§ What is being asked:
With the pictures left out, print exactly the lines below that run from the one containing "Satılır 2 otaqlı" through the one containing "BTI Replacement battery".

§ Provided entries:
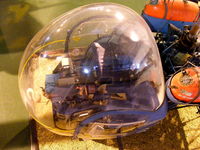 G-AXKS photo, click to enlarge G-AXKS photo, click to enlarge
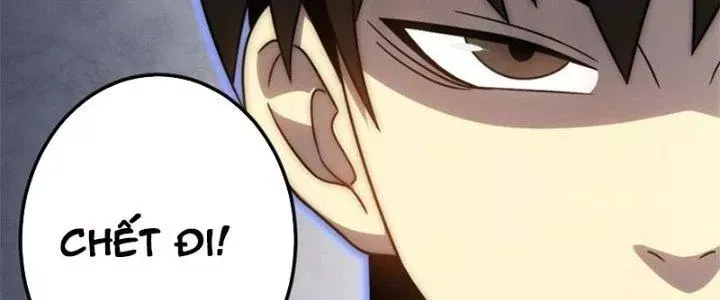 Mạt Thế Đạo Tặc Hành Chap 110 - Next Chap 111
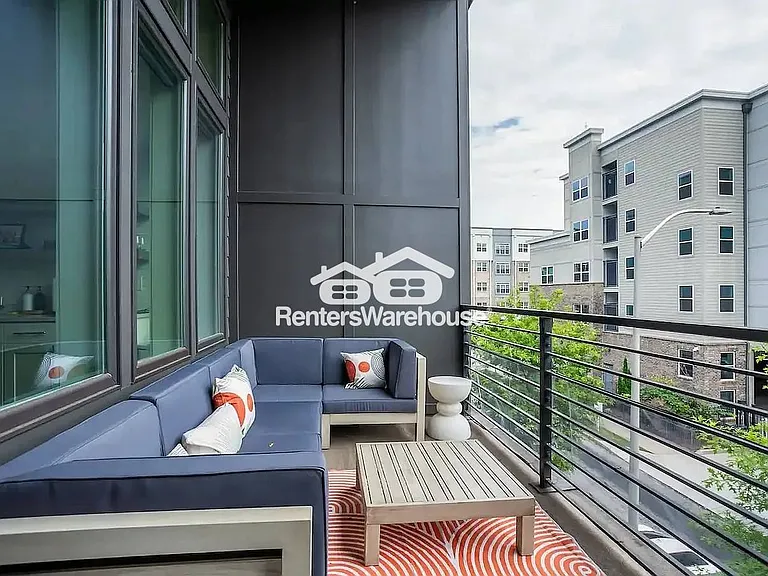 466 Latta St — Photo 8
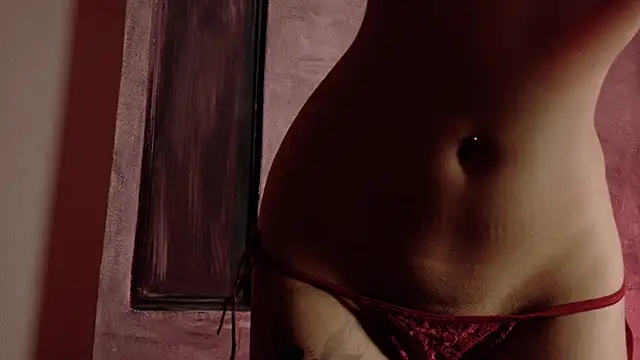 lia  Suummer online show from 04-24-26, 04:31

==

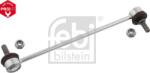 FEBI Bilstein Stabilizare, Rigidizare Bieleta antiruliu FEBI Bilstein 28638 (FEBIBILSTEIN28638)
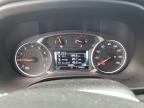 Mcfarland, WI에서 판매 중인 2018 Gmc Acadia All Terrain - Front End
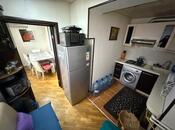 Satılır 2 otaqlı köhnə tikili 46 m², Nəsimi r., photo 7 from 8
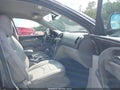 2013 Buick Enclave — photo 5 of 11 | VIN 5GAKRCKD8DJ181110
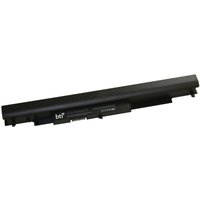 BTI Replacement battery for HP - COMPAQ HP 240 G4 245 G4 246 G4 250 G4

* * *

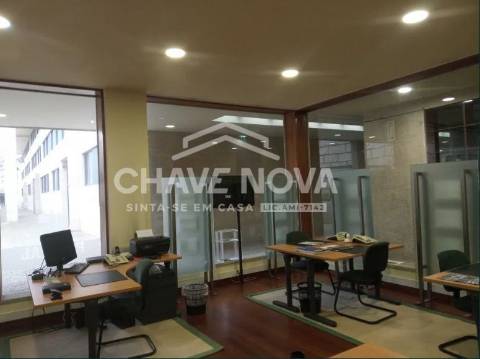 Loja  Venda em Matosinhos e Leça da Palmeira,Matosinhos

§ Result of the exercise:
 Satılır 2 otaqlı köhnə tikili 46 m², Nəsimi r., photo 7 from 8
 2013 Buick Enclave — photo 5 of 11 | VIN 5GAKRCKD8DJ181110
 BTI Replacement battery for HP - COMPAQ HP 240 G4 245 G4 246 G4 250 G4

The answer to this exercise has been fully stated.